Try it: Leave out pictures; repeat exactly the lines from the "Kilosu 350 TL!" line through the last of the data below.

Short text fragments from websites:
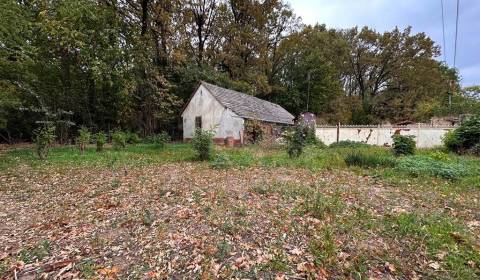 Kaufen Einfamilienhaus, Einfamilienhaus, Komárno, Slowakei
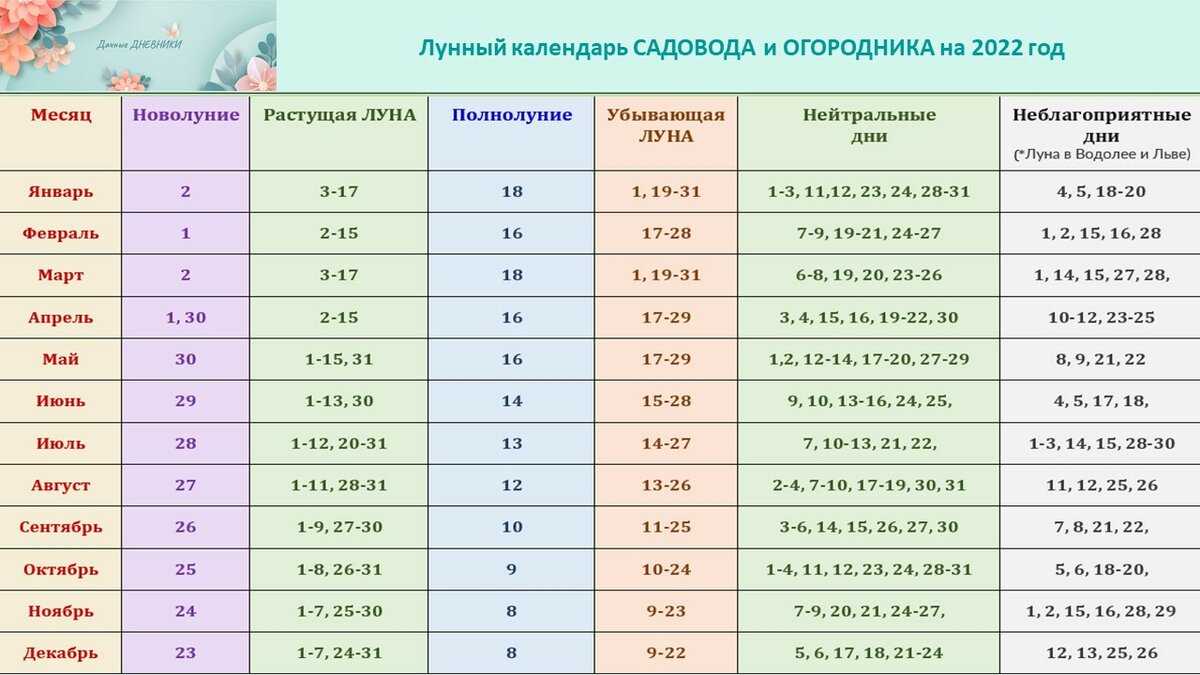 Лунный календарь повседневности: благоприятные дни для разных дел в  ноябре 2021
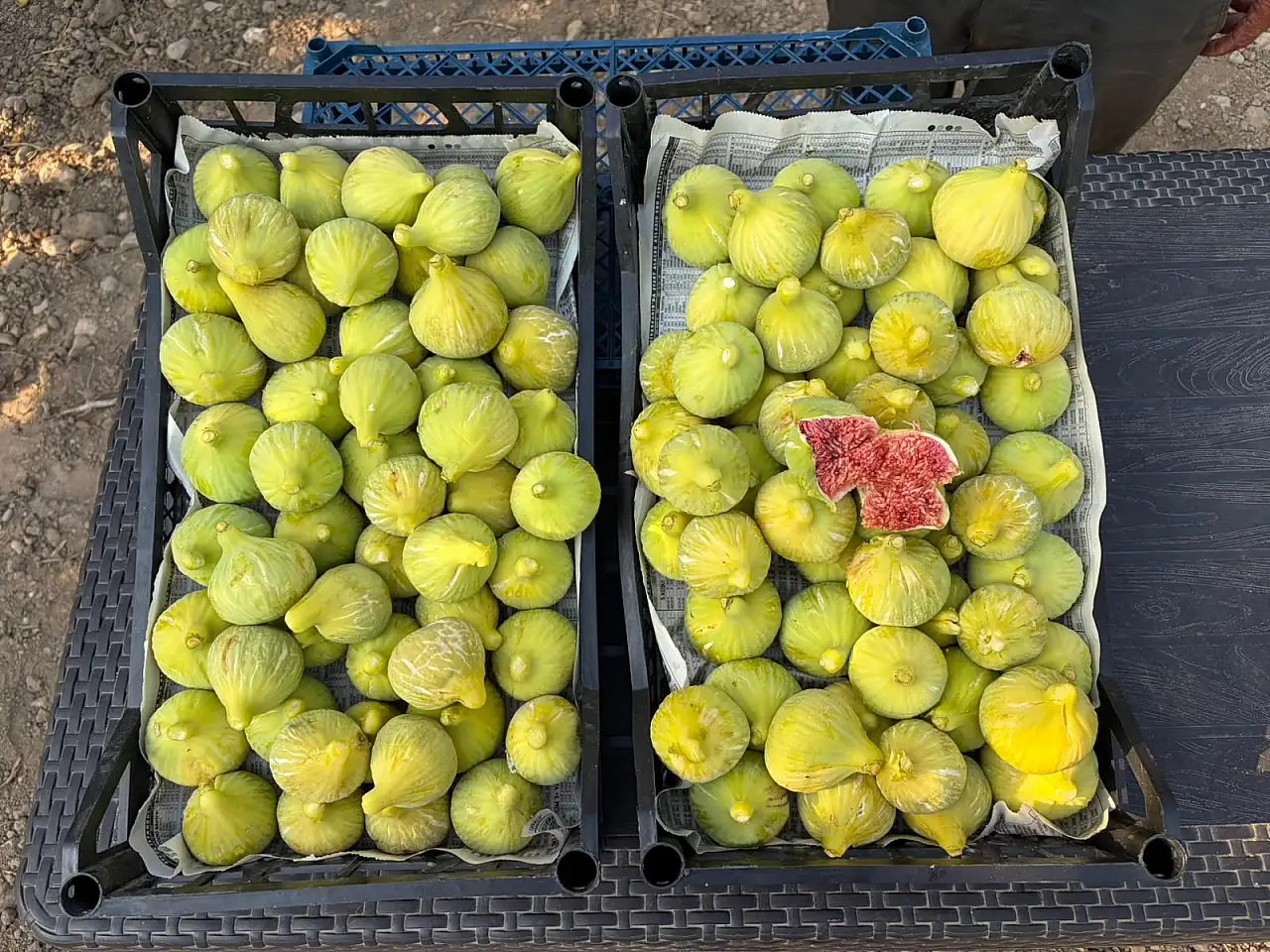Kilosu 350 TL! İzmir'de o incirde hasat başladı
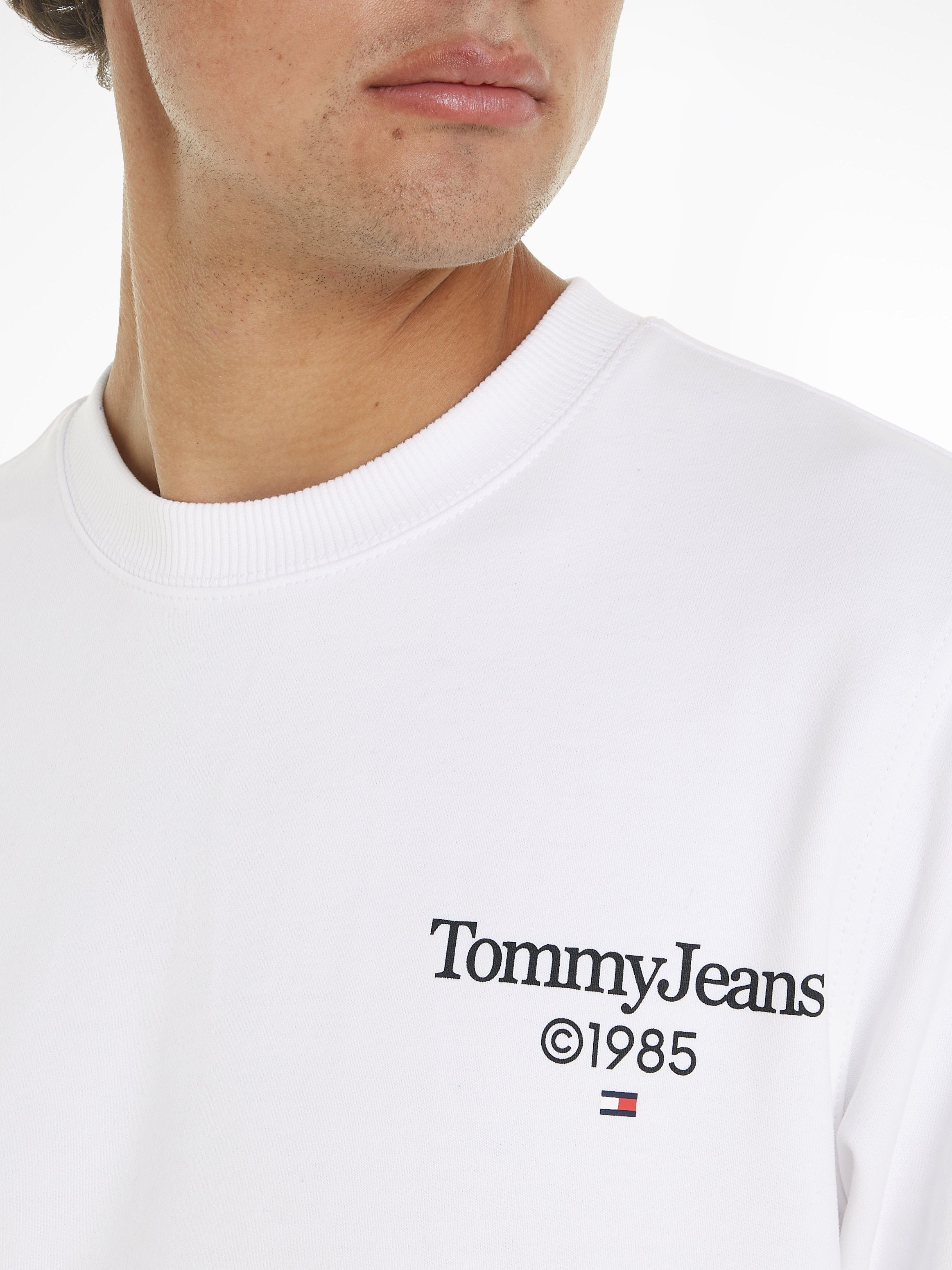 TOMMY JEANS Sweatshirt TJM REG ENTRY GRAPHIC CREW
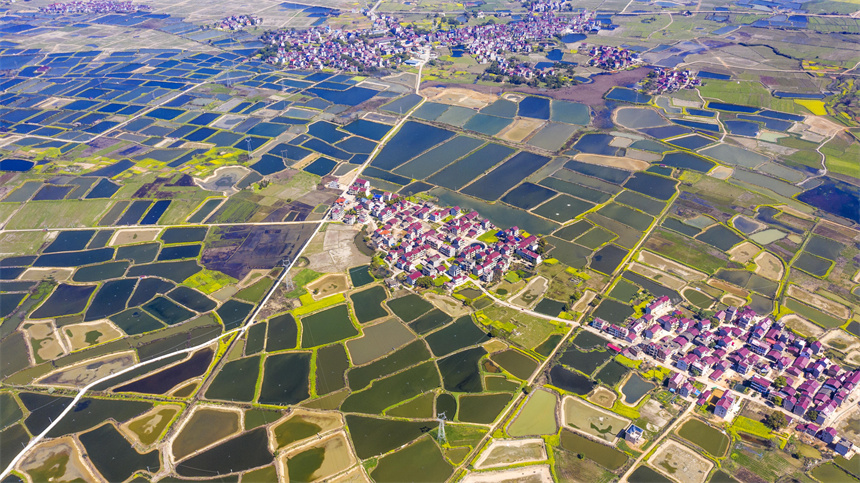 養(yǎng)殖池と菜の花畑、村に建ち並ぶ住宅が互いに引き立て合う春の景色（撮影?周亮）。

Response:
Kilosu 350 TL! İzmir'de o incirde hasat başladı
 TOMMY JEANS Sweatshirt TJM REG ENTRY GRAPHIC CREW
 養(yǎng)殖池と菜の花畑、村に建ち並ぶ住宅が互いに引き立て合う春の景色（撮影?周亮）。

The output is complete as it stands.